Essays on the identification of treatment effects with applications to the labor market
Jeremiah Alexander Richey
ISU General Staff Papers from Iowa State University, Department of Economics
Abstract:
This dissertation contains three independent essays; each essay can be read in isolation. The first essay investigates the causal effect of criminal convictions on various labor market outcomes in young adults. The estimation method used is a nonparametric bounding approach intended to partially identify the causal effect. The data used for this essay comes from the 1997 National Longitudinal Survey of the Youth. The second essay reevaluates the causal effect of post-secondary schooling on unemployment incidence using historical data from the 1980 U.S. Census and information on cohort level Vietnam War conscription risk.

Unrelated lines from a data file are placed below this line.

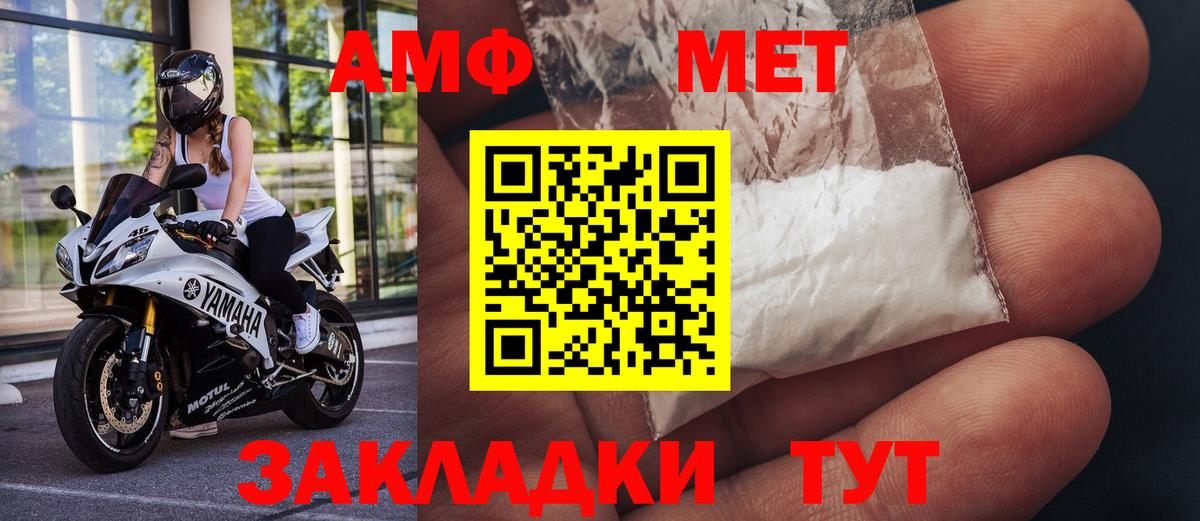 МЕТАМФЕТАМИН кристалл  Вход с VPN  Энгельс  МЕТАМФЕТАМИН кристалл 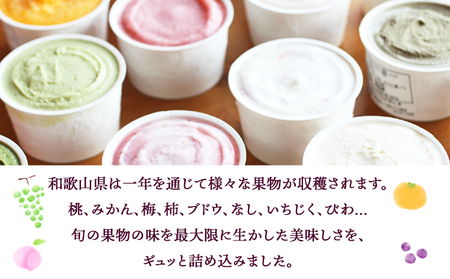 藤桃庵ジェラート18個入り 藤桃庵《90日以内に出荷予定(土日祝除く)》ｼﾞｪﾗｰﾄｼﾞｪﾗｰﾄｼﾞｪﾗｰﾄ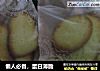 懒人必备，蛋白薄脆的做法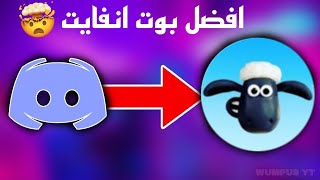 شرح كيفية استعمال بوت InviteLogger 2022 💎🔥 [upl. by Eiddet]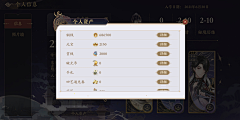 Imgandi采集到国风题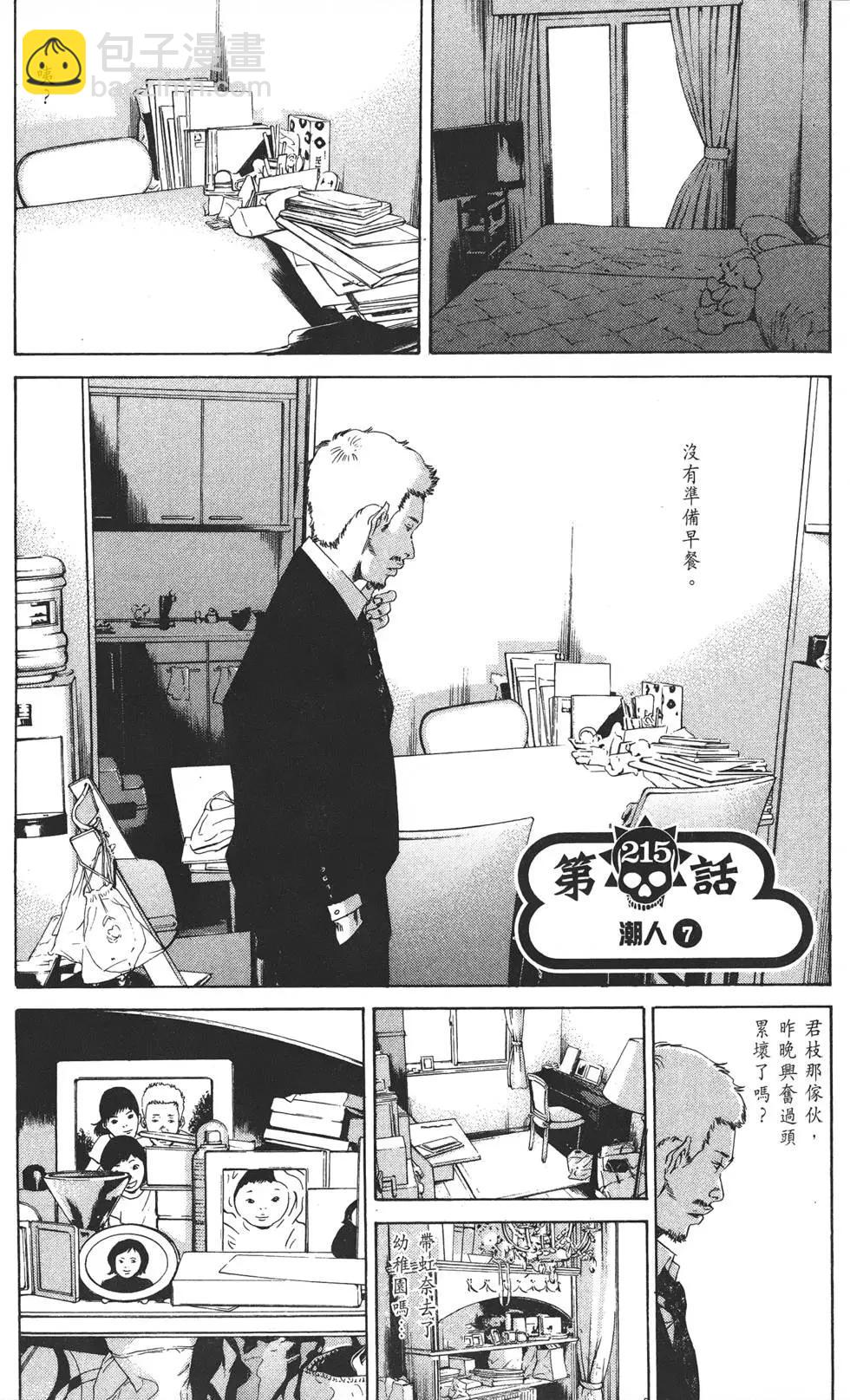 第21卷5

Conscription risk is used as an instrument for endogenous post-secondary schooling in a specification that accounts for the discrete nature of the treatment and outcome of interest. The third essay investigates the underlying necessary assumptions needed for the monotone instrumental variable (MIV) assumption to have identifying power on both the upper and lower bounds of a treatment effect when the treatment of interest is binary. I show that if the treatment is monotonic in the instrument, as is routinely assumed in the literature on instrumental variables, then for the MIV to have identifying power on both the lower and upper bounds of the treatment effect, the conditional-on-received-treatment outcomes cannot exhibit the same monotonicity assumed by the MIV. Results are highlighted with an application investigating the effect of criminal convictions on job match quality using data from the 1997 National Longitudinal Survey of the Youth.